Return all of the data exactly, with nothing left out but the pictures.

[Start of Attachment]

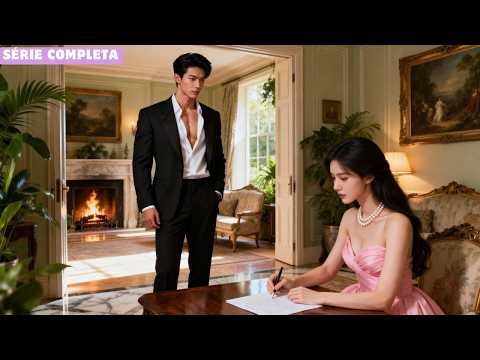 Sete anos de amor💔 Ela partiu destruída💢 Três anos depois, ele ajoelha-se: “Me dá outra chance.”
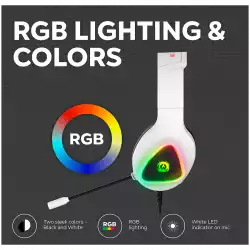 CANYON headset Shadder GH-6 Black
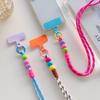 Lanyard Cell Phone Wrist Hand Strap Cord To Hang the Mobile Rope for Mobile Smartphone Shoulder Phone Chain Key Strap for iPhone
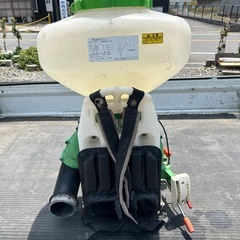 共立DMC521背負い式動力散布機　の画像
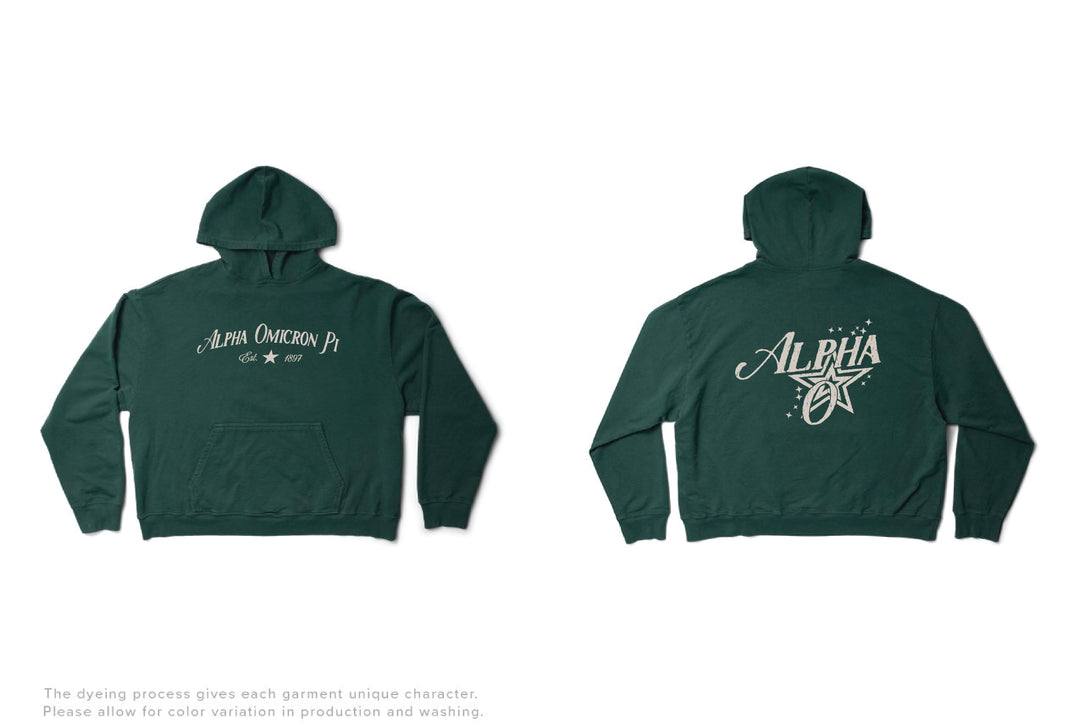 Alpine Star Struck Light Weight Sorority Hoodie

[End of Attachment]

** Expected answer **
 Sete anos de amor💔 Ela partiu destruída💢 Três anos depois, ele ajoelha-se: “Me dá outra chance.”
 CANYON headset Shadder GH-6 Black
 Lanyard Cell Phone Wrist Hand Strap Cord To Hang the Mobile Rope for Mobile Smartphone Shoulder Phone Chain Key Strap for iPhone
 共立DMC521背負い式動力散布機　の画像
 Alpine Star Struck Light Weight Sorority Hoodie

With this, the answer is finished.